Para 1943 el “día del reservista” era una conmemoración que ya existía
en el cada vez más abultado calendario de conmemoraciones patrióticas, pero ese
año en especial, la fecha adquirió un relieve sin dudas nunca antes visto. La
compulsiva ratificación o rectificación de domicilio para aquellos varones que
ya habían realizado el servicio militar, que como señalamos se llevó adelante
con total premura e inflexibilidad en los primeros meses de vida de la
revolución, repentinamente adquirió un sentido claro a principios de diciembre
de ese año, éste se relacionaba con la necesidad política manifiesta de las
nuevas autoridades de recuperar un vínculo efectivo entre la institución armada
y sus reservistas. Eso era al menos lo que planteaba el general al frente de la
cuarta región militar, Justo Zalazar Collado, quien se transformaría pronto en
el cuarto interventor designado por el gobierno dictatorial para la provincia
de Córdoba, así lo refería, por supuesto desde las páginas del matutino
clerical cordobés, que constituía nuevamente en los ‘40 una parte integral del
dispositivo publicitario de la dictadura en general y de la promoción de esta
fecha en particular:
a nuestro entender el reservista
no debe ser más que un hombre al servicio de la patria, el día de la reserva
tiene como finalidad la vinculación de todos los que pasaron una vez por sus
filas, a fin de que comprendan de que no deben ser hombres de un día sino de
siempre.

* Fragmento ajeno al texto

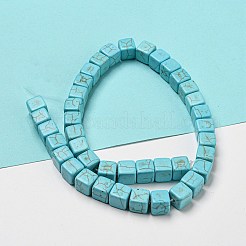 染め合成ターコイズビーズ連売り  キューブ  9~10x9~10x9~10mm  穴：1.5mm  約39~40個/連  14.61~15.08インチ（37.1~38.3cm）&nbsp;G-G075-B02-01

La patria necesita mantener unidos a sus hombres, y debe inculcarles
que la persistencia de una conducta intachablemente patriótica a través de
todos los años de su vida es lo único que puede salvar los destinos de la
nación…la reserva de la nación no es una ideología sino un espíritu (1943, 2 de
diciembre, Los principios. p.5)
“Ser del ejército para
siempre”, era esta sin duda una idea poderosa e inédita. Ampliar el dominio de
la institución armada sobre los cuerpos era entonces una tarea que la
conmemoración programada debía propiciar y allí estaba finalmente la
explicación de los innumerables esfuerzos organizativos previstos en los meses
previos.
A partir de las
declaraciones del general, Los principios
se sumó activamente a la convocatoria militar y el día siguiente comenzó a
incorporar en los vértices inferiores de sus tapas, llamativos “aforismos de
adhesión” al día del reservista como el siguiente: “mientras
das argamasa de trabajo a la fábrica inmensa de la Patria, si sueñas que has de
ser el pedestal viviente para darle sitial a la Bandera, nacerá en ti la
explicación exacta de los que es la reserva. Forma al compás de la canción
patriótica, tu cuadro personal de reservista el día del desfile (1943,
3 de diciembre, Los principios. Tapa). “Pedestal viviente”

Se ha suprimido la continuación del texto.